Problem-solve you Haskell for fun and profit (well, ‘fun,’ anyway. Maybe.)

The following sets of problems over the next few days, whatever, get their 
inspiration from some of the problems from the P99, or Ninety-Nine Prolog 
Problems published by Werner Hett.

The first problem is this.

last :: [a] -> a

as implemented in GHC is guaranteed to be in linear time to the length of 
the list, in other words: bleck!

Create a data structure, let’s call it Deque a (‘Deque’ meaning: ‘double-ended 
queue’) such that the operation

last :: Deque a -> a

is in constant time, also have this function obey the properties of the 
same-named function for lists, that is: it gives an error for an empty Deque.

That’s the ‘get.’ The ‘put’ for this type should also be in ‘kinda good’ time 
at either end, so:

deck |< x (or ‘postpend element x to deque deck’)

and

y >| deck (or ‘prepend element y to deque deck’) 

are both in ‘kinda good’ time, where ‘kinda good’ is (weak-in-the-knees) defined 
as ‘okay for prepend’ and for postpend is ‘waaaay' better than 

list ++ [x] 

for some (any?) list.

The data type Deque a should also, at minimum, be a Traversable instance (which 
further means it has to be a Functor instance and a Foldable instance). So, this 
means: be ‘kinda’ careful when constructing deques, of course, but also be 
'kinda' careful when destructuring them, as well. Please see the Typeclassopedia 
at  http://www.haskell.org/haskellwiki/Typeclassopedia for information about 
these typeclasses.

Bonus (for those of you yawning at the above and want a bit of a challenge in 
your daily problem-solving exercise): Prove (or show) that last (Deque a) is in 
constant time. Prove, or show, that an implementation of Deque a can have 

zweitletztes (Deque a)

such that zweitletztes (Deque a) is faster than 

zweitletztes [a]. 

Such an implementation of Deque a might be a bi-directional list-type over a.

Explanation:

The last element of a list or deque is its ultimate element
The zweitletztes element of a list or deque is its penultimate element.

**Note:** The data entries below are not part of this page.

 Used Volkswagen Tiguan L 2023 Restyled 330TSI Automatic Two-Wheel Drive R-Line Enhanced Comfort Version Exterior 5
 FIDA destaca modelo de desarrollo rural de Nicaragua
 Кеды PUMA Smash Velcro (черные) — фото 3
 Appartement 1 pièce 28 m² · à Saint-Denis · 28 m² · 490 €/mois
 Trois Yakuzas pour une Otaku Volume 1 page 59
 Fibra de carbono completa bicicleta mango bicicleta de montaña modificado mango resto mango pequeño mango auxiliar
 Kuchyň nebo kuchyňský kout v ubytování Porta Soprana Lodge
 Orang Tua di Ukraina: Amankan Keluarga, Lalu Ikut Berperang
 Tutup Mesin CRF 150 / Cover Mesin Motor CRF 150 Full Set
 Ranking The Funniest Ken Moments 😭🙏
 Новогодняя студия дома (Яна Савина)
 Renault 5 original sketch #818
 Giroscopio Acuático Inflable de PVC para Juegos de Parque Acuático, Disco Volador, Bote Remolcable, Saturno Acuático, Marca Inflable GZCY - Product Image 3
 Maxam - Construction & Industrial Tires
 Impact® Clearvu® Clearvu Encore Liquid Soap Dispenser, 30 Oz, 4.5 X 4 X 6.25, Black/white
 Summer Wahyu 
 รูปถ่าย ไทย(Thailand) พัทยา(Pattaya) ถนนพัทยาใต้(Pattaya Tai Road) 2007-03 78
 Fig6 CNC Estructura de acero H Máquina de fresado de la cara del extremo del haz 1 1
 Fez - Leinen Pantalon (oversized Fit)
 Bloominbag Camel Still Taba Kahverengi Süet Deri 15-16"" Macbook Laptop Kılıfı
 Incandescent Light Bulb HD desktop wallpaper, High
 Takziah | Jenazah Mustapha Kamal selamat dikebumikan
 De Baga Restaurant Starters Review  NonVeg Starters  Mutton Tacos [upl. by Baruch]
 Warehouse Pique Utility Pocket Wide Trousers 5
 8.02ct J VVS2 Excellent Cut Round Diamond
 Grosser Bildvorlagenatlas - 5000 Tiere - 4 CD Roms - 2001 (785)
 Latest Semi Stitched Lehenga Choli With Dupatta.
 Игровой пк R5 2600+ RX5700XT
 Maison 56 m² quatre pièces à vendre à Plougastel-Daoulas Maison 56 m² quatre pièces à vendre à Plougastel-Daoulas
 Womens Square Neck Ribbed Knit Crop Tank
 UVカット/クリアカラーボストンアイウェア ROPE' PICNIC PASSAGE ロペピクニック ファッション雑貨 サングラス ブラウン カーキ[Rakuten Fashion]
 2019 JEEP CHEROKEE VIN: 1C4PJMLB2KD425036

So, for let list = [1..10]

last list ~> 10
zweitletztes list ~> 9

Hint: implementing last and zweitletztes in the CPS makes the bonus proof 
trivial, but you can also count reduction steps by hand if you prefer.

-}

data Deque a = WhateverDeclarationWorksForYou

-- remember: instance Traversable Deque (and supporting instances)

last  :: Deque a -> a
last deck = undefined  -- constant time
first :: Deque a -> a
first deck = undefined -- constant time

(|<) :: Deque a -> a -> Deque a -- or 'postpend'
deck |< x = undefined  -- 'kinda good' time
(>|) :: a -> Deque a -> Deque a -- or 'prepend'
x >| deck = undefined  -- 'kinda good' time

-- bonus

zweitletztes :: Deque a -> a
zweitletztes deck = undefined

{-

1. Prove, or show, that your implementation of last for your implementation 
of Deque a is faster than the standard library last implementation (from GHC, 
for example). Hint: this should be an easy proof.

2. An implementation of zweitletztes for [a] could be written:

zweitletztes :: [a] -> a
zweitletztes = last . init

Prove, or show, that your implementation of zweitletztes (Deque a), for some 
(pretty good) implementation of Deque, is faster than some (pretty good) 
implementation of zweitletztes [a] for the Haskell standard implementation 
of [a].

-}